### ABOUT THIS TASK
What you return must be the full data, repeated verbatim, with no pictures in it.

### RECORDED INFORMATION
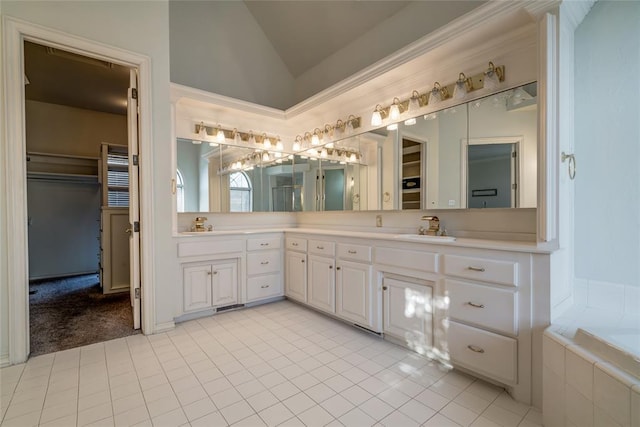 bathroom with a bathing tub, vanity, tile patterned floors, and lofted ceiling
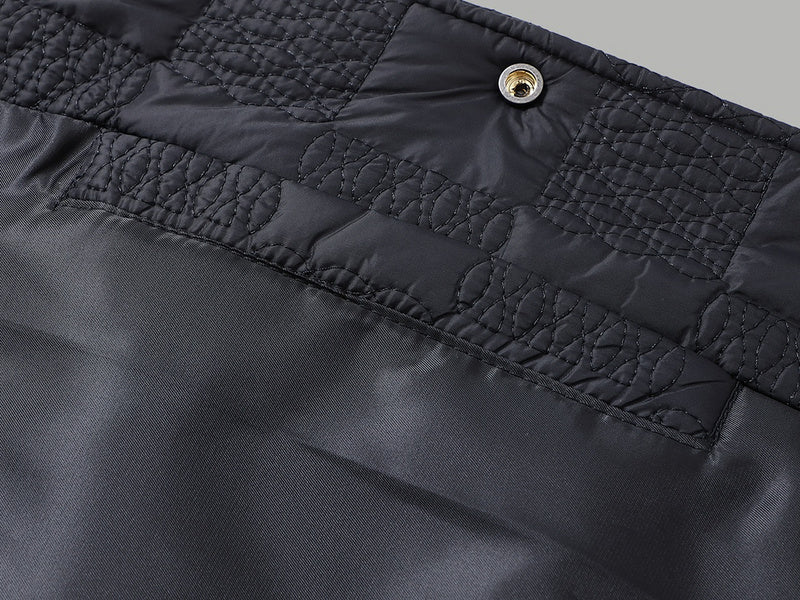 Side profile of Louis Vuitton luxury clothing with monogram-inspired silhouette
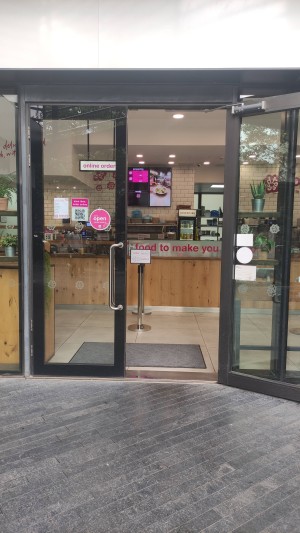 Glass doors with black frames. Silver vertical handles in centre, pull to open.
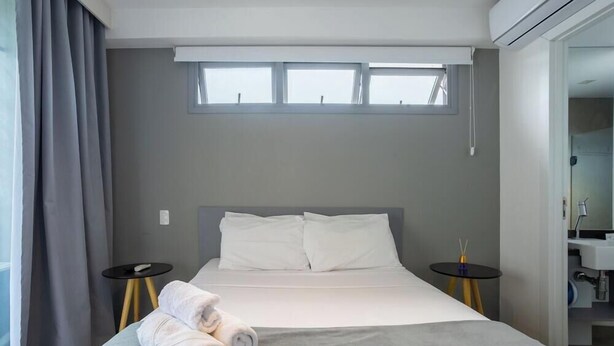 Quarto de hotel moderno com uma cama, duas mesas de cabeceira, uma janela e um banheiro visível através de uma porta aberta.
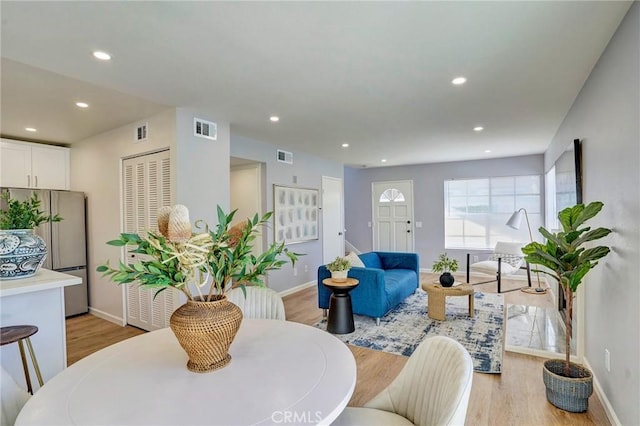 dining space featuring recessed lighting, light wood-style floors, and visible vents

### EXPECTED OUTPUT
 bathroom with a bathing tub, vanity, tile patterned floors, and lofted ceiling
 Side profile of Louis Vuitton luxury clothing with monogram-inspired silhouette
 Glass doors with black frames. Silver vertical handles in centre, pull to open.
 Quarto de hotel moderno com uma cama, duas mesas de cabeceira, uma janela e um banheiro visível através de uma porta aberta.
 dining space featuring recessed lighting, light wood-style floors, and visible vents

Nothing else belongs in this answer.